Informed deep hierarchical classification: a non-standard analysis inspired approach
Lorenzo Fiaschi, Marco Cococcioni
TL;DR
The paper addresses hierarchical classification by reframing HC as a lexicographic multi-objective problem and then embedding this structure within an NSA-inspired deep network (LH-DNN). By introducing projection-based non-interference via a non-standard loss and leveraging the transfer principle, LH-DNNs enable principled, lexicographic learning that prioritizes coarse-level accuracy while refining finer levels. Empirical results on CIFAR10, CIFAR100, and Fashion-MNIST show LH-DNNs achieve comparable or superior accuracy and substantially higher hierarchy coherency, with far fewer parameters and shorter training times than the B-CNN baseline.

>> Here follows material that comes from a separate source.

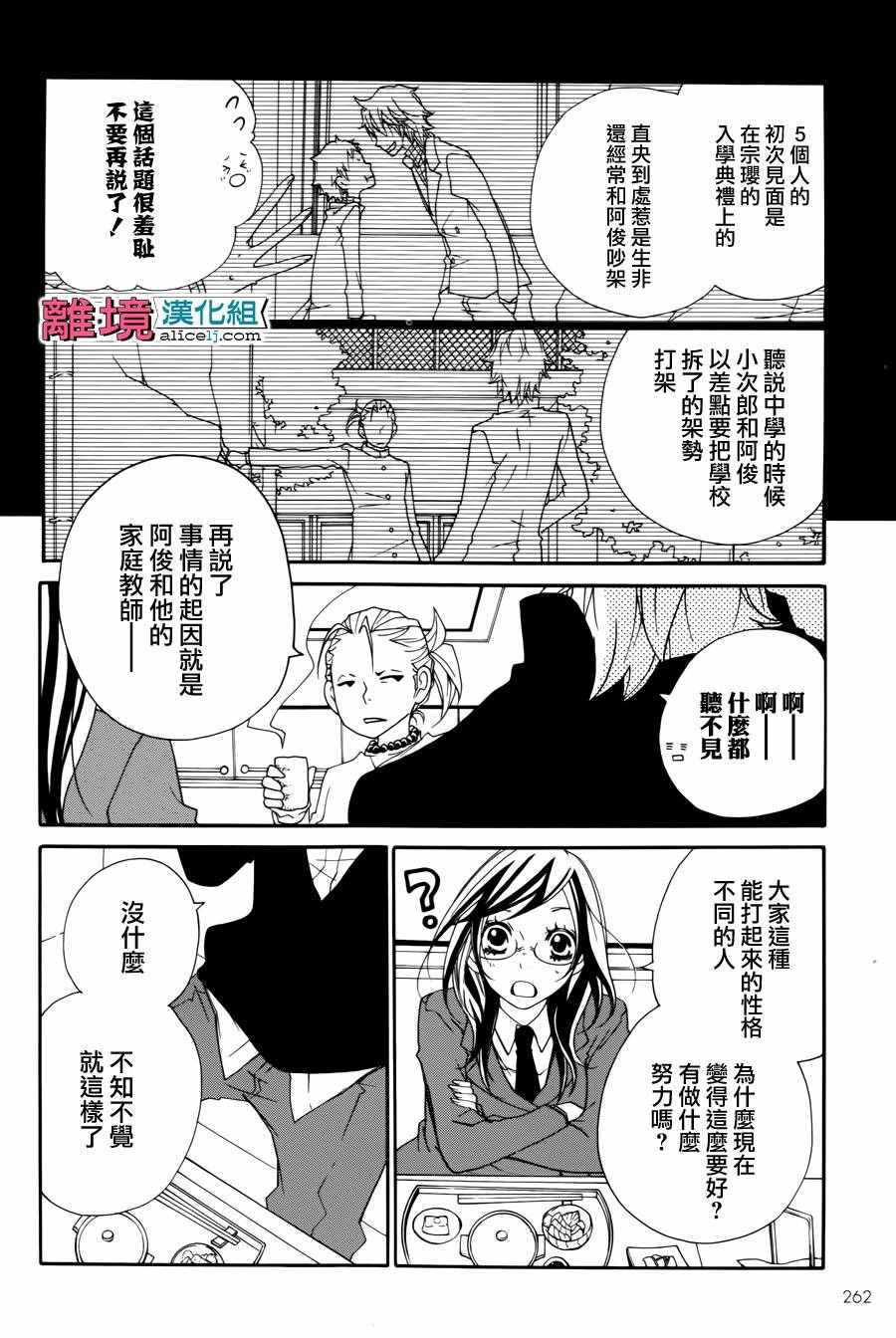 《FIVE》漫画 002话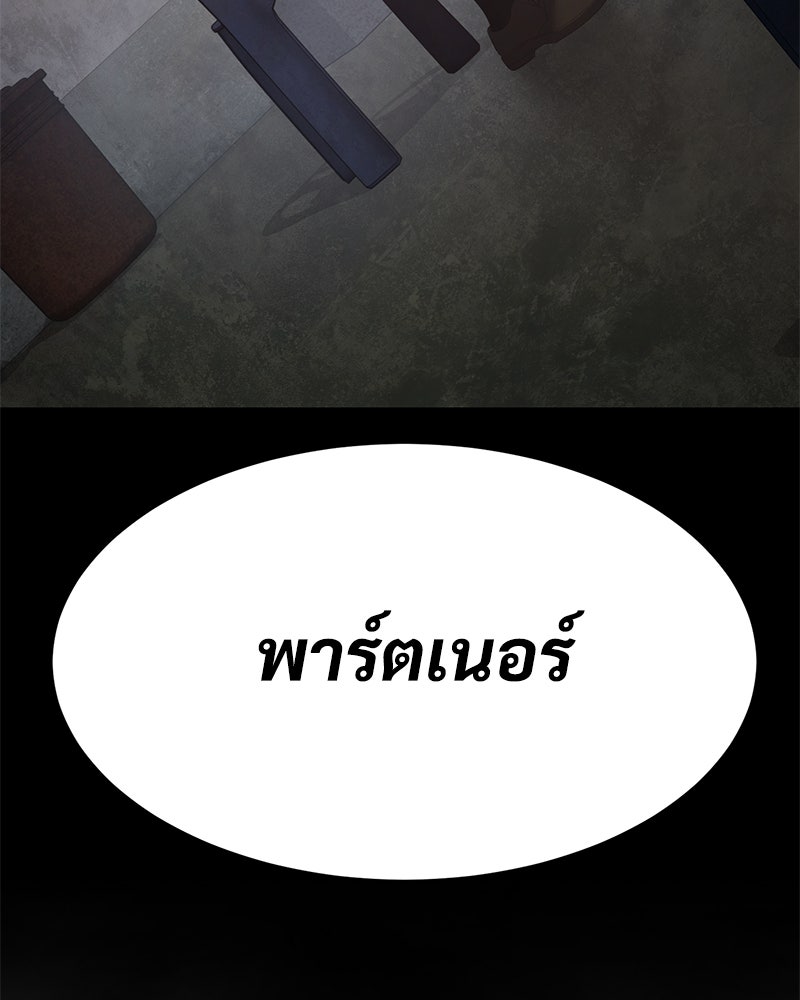 แบคXX - หน้า 88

The approach promises practical benefits for real-world HC tasks, offering faster convergence, better adherence to hierarchy constraints, and efficient resource usage.
Abstract
This work proposes a novel approach to the deep hierarchical classification task, i.e., the problem of classifying data according to multiple labels organized in a rigid parent-child structure. It consists in a multi-output deep neural network equipped with specific projection operators placed before each output layer. The design of such an architecture, called lexicographic hybrid deep neural network (LH-DNN), has been possible by combining tools from different and quite distant research fields: lexicographic multi-objective optimization, non-standard analysis, and deep learning. To assess the efficacy of the approach, the resulting network is compared against the B-CNN, a convolutional neural network tailored for hierarchical classification tasks, on the CIFAR10, CIFAR100 (where it has been originally and recently proposed before being adopted and tuned for multiple real-world applications) and Fashion-MNIST benchmarks. Evidence states that an LH-DNN can achieve comparable if not superior performance, especially in the learning of the hierarchical relations, in the face of a drastic reduction of the learning parameters, training epochs, and computational time, without the need for ad-hoc loss functions weighting values.